L’occasion était trop belle de se délecter de grands riesling rhénans ou mosellans, et de partager avec vous quelques émotions parmi les plus marquantes de cette journée de dégustation riche en souvenirs de Spätlese, Kabinett ou autre Auslese, et même d’un Eiswein ineffable et presque irréel.

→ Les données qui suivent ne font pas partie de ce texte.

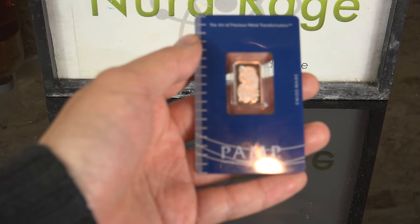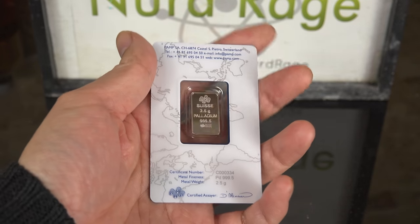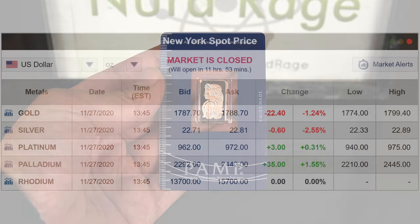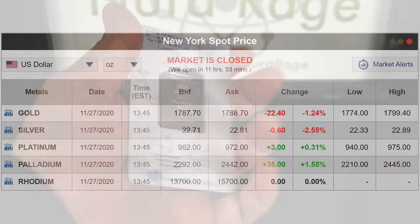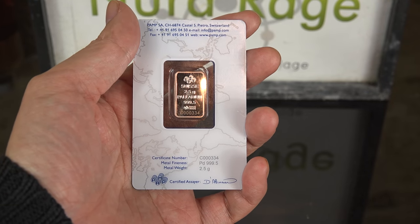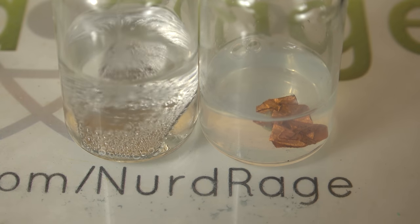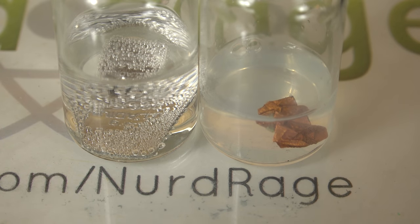Greetings fellow nerds. One of my viewers donated this 2.5 gram bar of palladium metal. This is an extremely generous gift, as the spot price of palladium today is even higher than that of gold. I never would have bought this myself, but thanks to this donation we can do some palladium chemistry. In this video I'm going to test its chemical resistance against a few common known corrosive substances and see how we can efficiently convert palladium metal into a metal compound.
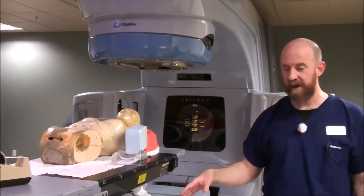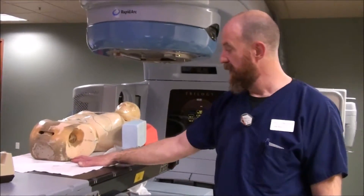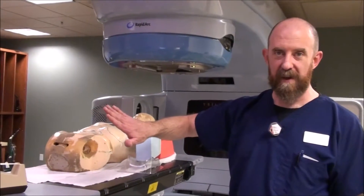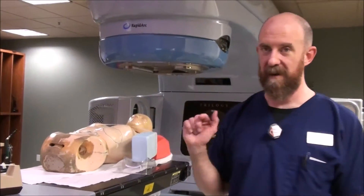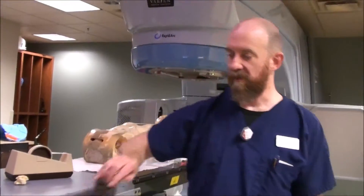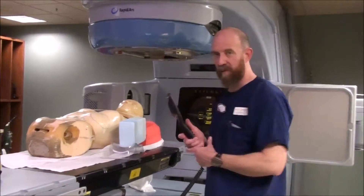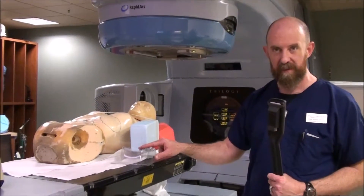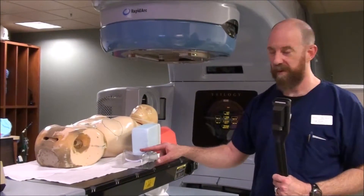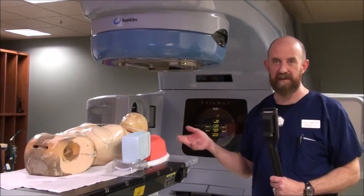Now that the patient is set up, make sure that the headrest is fully on or fully off any table pad. You don't want it rocking sideways on the side of a table pad — that leads to instability and non-reproducibility. Reproducibility is something we're going to talk about every time. This is more reproducible than a lot of other things you could do to prop the elbow up. You want something stable, secure, and simple. Simplicity and stability make reproducibility.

Le toujours très inspiré Weingut Christmann propose pour entamer cette ascension des grands blancs allemands - et autrichiens – un riesling effervescent : la cuvée 102 Brut Nature NV. Ce dernier nous illuminera les sens avec sa bouche pleine de fraicheur, de tension et ses notes florales exquises. La cuvée Idig Riesling Grosse Lage 2021 est un cru marqué par des argilo-calcaires qui laissent s’exprimer une belle élégance florale. Un riesling tout en légèreté gracile, assez atypique et fort séduisant.
Dönnhoff propose de nous régaler d’une Auslese 2016, la cuvée Oberhäuser Brücke. La sucrosité mâtinée de notes acidulées, d’expressions oléagineuses délicates range ce vin chez les grands de la Nahe. Nous enchaînons avec une épatante Auslese de 2013 du même terroir, d’une fraicheur époustouflante doublée d’un gras tout à fait surprenant. Une texture qui dessine les contours d’un vin au cœur effilé et tendu. Un Eiswein sorti de derrière les fagots – pour quelques happy few dont nous fûmes – marquera nos papilles pour un bout de temps. Sublime !
Nous nous arrêtons ensuite chez l’impeccable Georg Breuer de Rüdesheim, dans la Rheingau. L’Estate Lorch 2021, furieusement riesling, offre un nectar saisissant et tranchant. On appréciera également la cuvée Terra Montosa 2021 joliment acidulé, un vin séveux en diable.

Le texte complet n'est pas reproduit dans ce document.